The biggest mistakes made over bad data throughout history
We all know that bad data can lead to costly decisions. IBM estimates that bad data costs the US economy around $3.1 trillion each year. But have you ever thought about the decisions throughout history that came about as a result of bad data? Utopia Inc, has compiled a list of famous examples throughout history of how bad data changed the world. Bad data causes more than just a tiny ripple effect in our society as the ramifications of bad data can be far reaching.
Let’s explore some of the examples of bad data throughout history:
Christopher Columbus and the discovery of the Americas
Christopher Columbus made several miscalculations when charting the distance between Europe and Asia. His first mistake was using navigation given by a Persian geographer over the more accurate and accepted calculations of a Greek geographer. Columbus could have verified that the units of measurement were correct himself but instead relied on bad data. Instead of going to Asia like he had planned he wound up discovering the Americas.
In 1985 Coca-Cola launched “New Coke” to compete with Pepsi’s growing market share during the 1980s. “New Coke” was a classic example of bad market research data. Coke relied on testing 200,000 subjects who preferred “New Coke” over both Pepsi and the traditional flavor of Coca-Cola Classic. It turns out that there were several factors that market research didn’t account for. It turns out customers are motivated by more than just taste. Replacing the product over the original formula turned out to be a horrible decision. Coke was quick to kill “New Coke” and bring back the traditional flavor that their consumers demanded.
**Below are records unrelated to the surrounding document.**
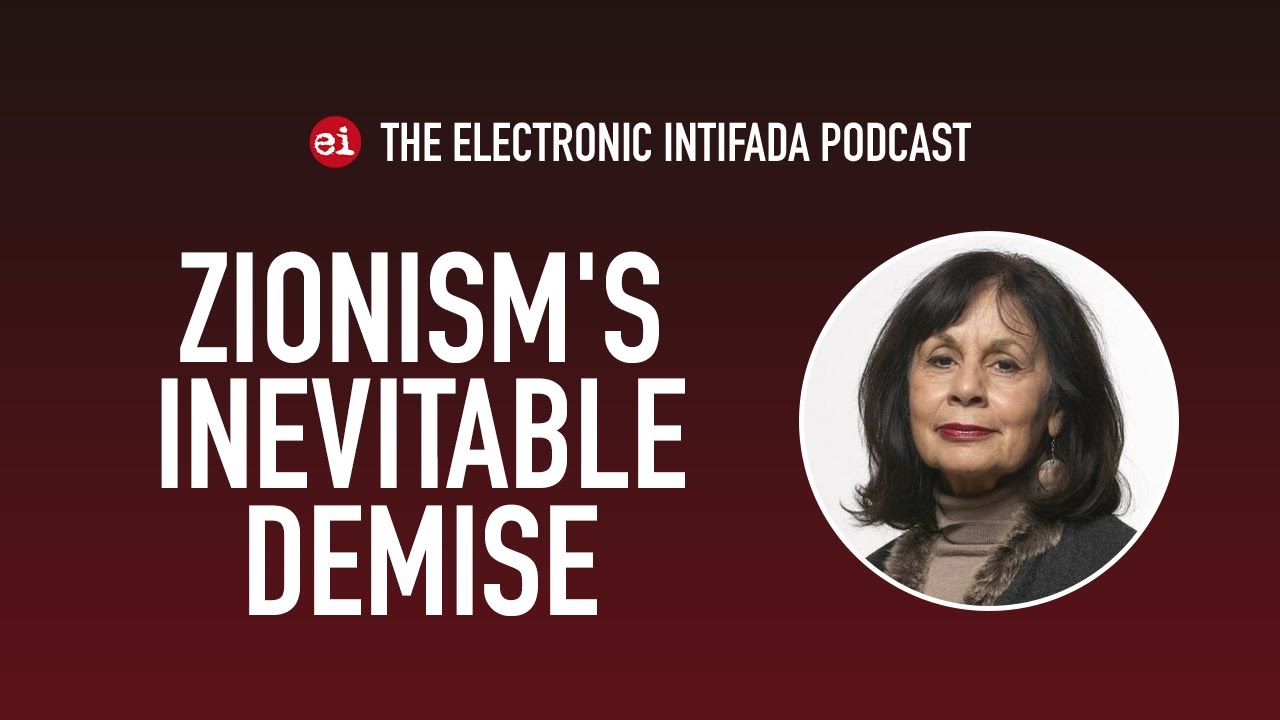 Zionism's inevitable demise, with Ghada Karmi | EI Podcast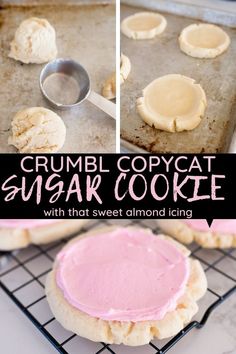 a collage of photos showing how to make crumbl copycat sugar cookie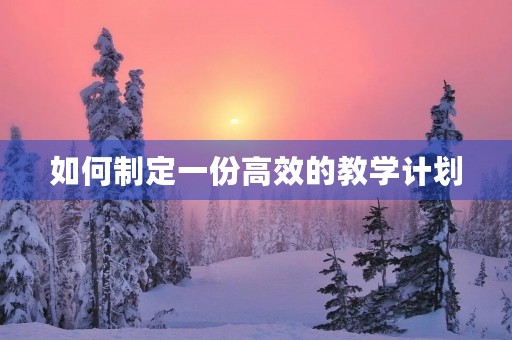 如何制定一份高效的教学计划 如何制定一份高效的教学计划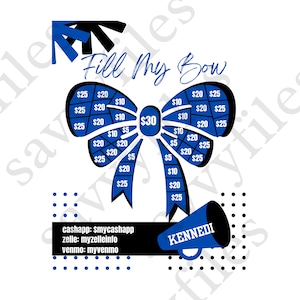 May include: A blue and black bow with dollar amounts written on it. The bow is surrounded by white polka dots. The text "Fill My Bow" is written above the bow. The text "$30" is written in the center of the bow. The text "cashapp: $mycashapp zelle: myzelleinfo venmo: myvenmo" is written below the bow. A blue megaphone with the text "KENNEDI" written on it is to the right of the bow.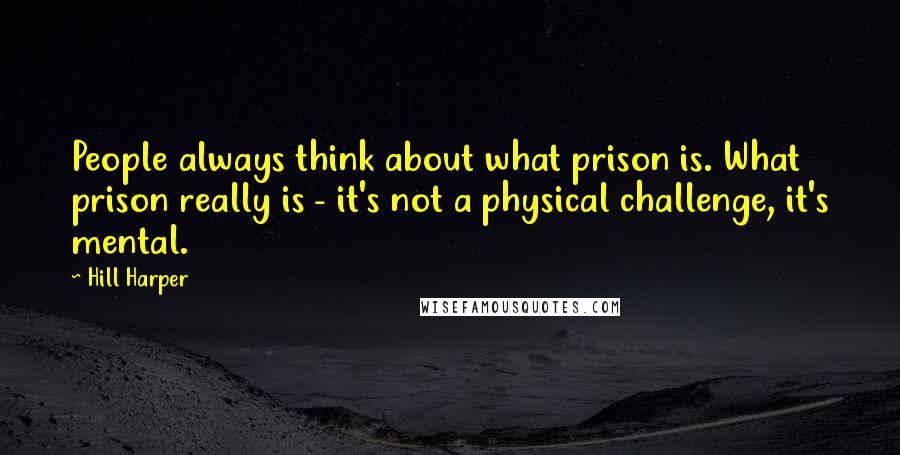 Hill Harper Quotes: People always think about what prison is. What prison really is - it's not a physical challenge, it's mental.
During the early 2000s Enron grew to be the sixth-largest energy company in the world with soaring stock prices throughout the late 1990s and early 2000s. However, a host of fraudulent financial data led to their eventual collapse in 2001. It turns out that the data being provided to shareholders in annual reports and financial statements were largely fictionalized. Dozens of indictments resulted in many Enron executives being incarcerated.
The 2016 US Presidential Election
The 2016 Presidential election was mired was bad data. National polling data used to predict state-by-state Electoral College votes led to the prediction of a Hillary Clinton landslide victory. This forecast may have lead many Democrats and other voters to stay home on Election Day. This bad polling data was delivered across a host of new publications worldwide. This could have been prevented by using advanced statistics to analyze previous elections using machine-learning and created different models based on voter rolls. These methods are ultimately costly and very time-intensive.
Better data ultimately leads to better decisions. We can all learn from these examples of bad data changing history and do our part to slow the spread of misinformation throughout our society.